Why couldn’t three club intermediate football fixtures be switched for the greater good of the county hurling team winning a title and making the first of two steps to promotion to Division 2B?
Was that something to fear?
The county board surely knew that Lennon had organised training sessions on Wednesday nights. The hurlers couldn’t be blamed for thinking the county board wanted this confrontation.
On Twitter, the #SupportMonaghanHurlers hashtag has been doing the rounds and gaining the backing of several prominent inter-county hurlers and Gaelic footballers.
However, that encouragement must extend further than a mere retweet or a handy mention if their campaign is to be successful.
Coming after Longford’s failure to field a team, it’s been a miserable few weeks for hurling and Croke Park are undoubtedly worried about it.
Unless they are prepared to take sterner action with counties, all their good work at central level will continue to be undermined.
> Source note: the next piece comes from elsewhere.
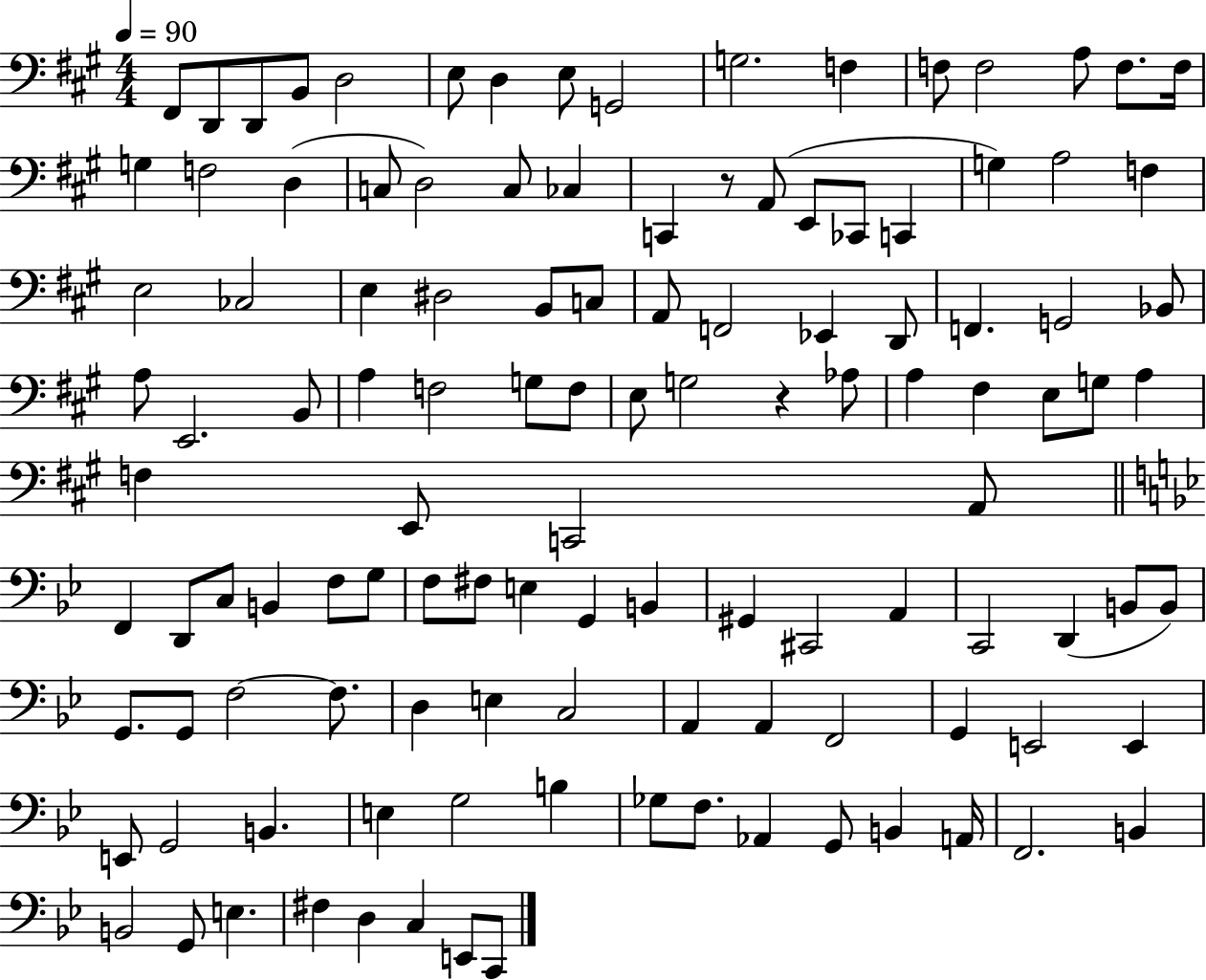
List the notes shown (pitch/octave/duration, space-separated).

F#2/e D2/e D2/e B2/e D3/h E3/e D3/q E3/e G2/h G3/h. F3/q F3/e F3/h A3/e F3/e. F3/s G3/q F3/h D3/q C3/e D3/h C3/e CES3/q C2/q R/e A2/e E2/e CES2/e C2/q G3/q A3/h F3/q E3/h CES3/h E3/q D#3/h B2/e C3/e A2/e F2/h Eb2/q D2/e F2/q. G2/h Bb2/e A3/e E2/h. B2/e A3/q F3/h G3/e F3/e E3/e G3/h R/q Ab3/e A3/q F#3/q E3/e G3/e A3/q F3/q E2/e C2/h A2/e F2/q D2/e C3/e B2/q F3/e G3/e F3/e F#3/e E3/q G2/q B2/q G#2/q C#2/h A2/q C2/h D2/q B2/e B2/e G2/e. G2/e F3/h F3/e. D3/q E3/q C3/h A2/q A2/q F2/h G2/q E2/h E2/q E2/e G2/h B2/q. E3/q G3/h B3/q Gb3/e F3/e. Ab2/q G2/e B2/q A2/s F2/h. B2/q B2/h G2/e E3/q. F#3/q D3/q C3/q E2/e C2/e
Monaghan’s hurlers should be praised for standing up for the game, which is exactly what they’re doing.
As O’Neill says, the development of hurling is to do with people. As Fingal manager Willie Bourke says, it’s those in the weaker counties who keep the game alive that are the real hurling men.
They are in the minority though, and changing the life-long attitudes of those in charge of counties where Gaelic football has held precedence is a burdensome task.
Sadly, the situation in Monaghan indicates just a small part of that problem.